Raising spirits and voices
On Saturday evening in the Performing Arts Center of the Martha's Vineyard Regional High School, the Minnesingers will perform an old-time rock and roll spring concert in tribute to the school's 50th graduating class. The extraordinary program chosen by the director Jan Wightman promises to be an evening of smokin' music through the decades.
The high school's first class graduated in 1960 and since 1967, the Minnesingers have performed abroad from the streets of Vienna to the cathedrals of Lithuania. Named after the famous French and German troubadours who roamed the countryside in the 12th century singing songs of love, the Vineyard Minnesingers have a tradition of traveling to Europe, then returning home in spring to perform for Islanders. In April they were awarded a bronze medal at the Massachusetts Instrumental and Choral Conductors Association Festival.
As they sing and dance before Vineyard, each member of the chorus learns more than just music and bop. Along with their beautiful voices, the young singers develop character, teamwork, and discipline.
It should all be evident on Saturday evening as the Minnesingers sing and dance their way through the decades. From Bill Haley's 50s classic "Rock Around the Clock" to Elvis Presley's "You Ain't Nothing But a Hound Dog," the chorus will have baby boomers bouncing in their seats.
Memories will be summoned for 60s graduates as they hear the sounds of the Beatles' "Revolution" and the Beach Boys' "Good Vibrations." Members of that 70s generation can "Rock and Roll All Night" or hum along to Three Dog Night's "Joy to the World." Songs of the 80s include Madonna's "Material Girl" and the Stones' "Start Me Up," as well as the theme song from "Danger Zone." From the exotic rhythms of Santana to the spins of "Flashdance," the group will demonstrate their virtuosity.

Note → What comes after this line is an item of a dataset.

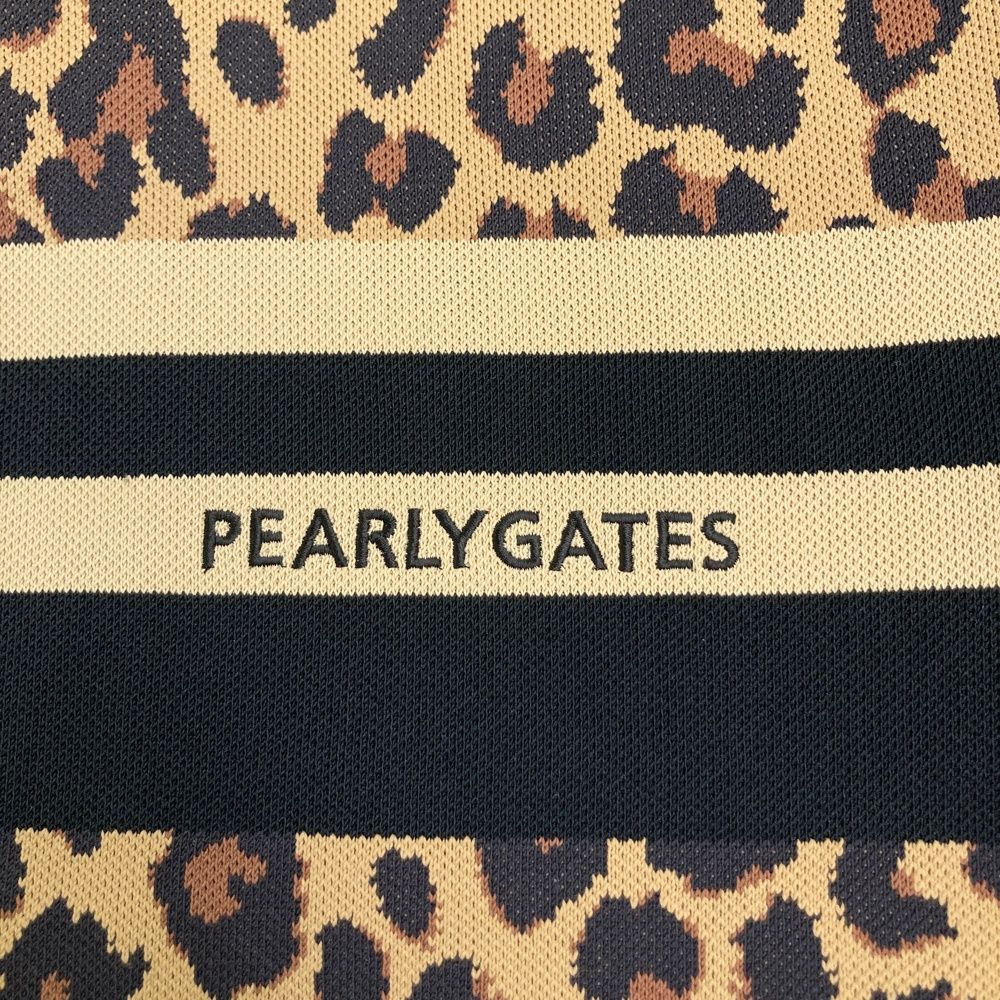 サイズ：5 PEARLY GATES パーリーゲイツ 長袖ニットセーター ヒョウ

When Sophomore Toby Riseborough entered high school last year, he discovered it was music that united him with kids from different backgrounds.
"It connected me with others and allowed me to fit in," he says. "People have their own biases about their favorite music, so it's good that the director chooses songs that are new to everyone. She inspires everybody to learn the music of different cultures. The programs include all the different genres, different moods, and various moves from around the world."
Although rehearsals add an additional commitment of time to her busy school year, senior Emma Frizzell, a member of the 50th graduating class, says, "I get to focus on music and not think about anything else for the moment," something she finds relaxing among the academic pressures of school.